You called him an unqualified "screw-up". Then you for some reason brought the MAC into it. You're comparing liver and pineapples. I'm done.
At least this ends this college coaches as NT coaches nonsense. Seriously, what was next? An indoor coach? Beach soccer coach lol?
Not to open this up again, but gaining success at the national level at a team in a smaller conference makes it more impressive in my eyes. It's easy to recruit and win at a UCLA or a Duke or an Ohio State. The name recruits itself, so the coach can do jack and still pull in great players and get good results. Akron? Not so much. He built that program into a national power, despite the limitations of the situation, and that's nothing to shake a stick at. He plays a tough out of conference schedule and has had success in the tournament. Yeah, it's the NCAA and a lot of folks look down their noses at it, but at the moment it is a still a major part of the soccer world in the United States, especially at the youth level. Still, the U-23 team wasn't made up of college players (even if Porter did stock it with a bunch of ex-Akron stars). Surely there's an MLS coach or assistant who would have taken the job as a foot in the door to get involved with the national team.
He will go work his way up the ladder like anybody else. If Akron continue to succeed he will always have MLS offers. From there, who knows.
Being old enough to watch the 2000 Olympics and this qualifying tournament... Clive Charles did more with less.

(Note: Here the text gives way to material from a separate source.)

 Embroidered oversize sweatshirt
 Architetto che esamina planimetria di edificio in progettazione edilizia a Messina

He was villified, IIRC, because he picked Conor Casey to start every game in Australia and was goal-less. The team in 2000 looked as if it had less skill, but had more heart. That seems to be the problem here this past week in Nashville. A lot of skill, but a lack of true mental toughness. Nowak coached the team in 2008, and got us to China. I had a fun time in Nashville 4 yrs ago, and thankfully, due to $$$ issues I didn't have to witness this failure. Wasn't Arena the US Olympic coach in 1996 but was also hired as DC's coach?
The reality is that either way if that either way he lays low for 2-3 years or he gets into a pro setup and starts seeing whatever vision he has coming to fruition 2-3 years down the line. That happens with pretty any of the "new breed" of coaches in MLS, so to speak. Not to belabor the comparison but it took Kreis about that time to really acclimate into coaching in RSL, Olsen has probably another year to make DC really his, and looking past nationality for a second, Winter up in Toronto in also in the middle of that and Pareja in Colorado has just started. Heaps...eh, Jay has problems.

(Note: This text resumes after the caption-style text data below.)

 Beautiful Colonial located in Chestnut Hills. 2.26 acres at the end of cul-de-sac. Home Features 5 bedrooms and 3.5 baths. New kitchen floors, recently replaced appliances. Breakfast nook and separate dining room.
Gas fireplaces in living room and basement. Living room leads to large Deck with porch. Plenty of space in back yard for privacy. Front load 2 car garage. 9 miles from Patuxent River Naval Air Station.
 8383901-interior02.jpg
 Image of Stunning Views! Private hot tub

Dempsey was at Furman Univ from 2001-2003 which is three years and turned pro at 20 (good move!). He is not a four year college soccer player who turns pro at 22 or 23 which IMHO are the players who keep MLS down.
The players who keep MLS down are the ones who are willing to take 30k a year to play in MLS. Sometimes they turn out to be Tim Ream. That's on MLS not the players.
That team also happened to have three all time top American players (Friedel, Donovan, JOB) plus supporting cast of WC players of Agoos, Wolfe, Hejduk, and Olsen. Howard was a back up keeper. Beasley and Boca didn't make it. Rumors about that being a blue color team were exaggeration. Unfortunately that was our golden generation. We just didn't know it yet. And this team is really low on talent. Mix, Corona, Shea and Adu may end up as marginal MNT players, all defenders are horrible, keepers are very row. The only two who might become MNT starters are Boyd and Agudelo and the later got injured.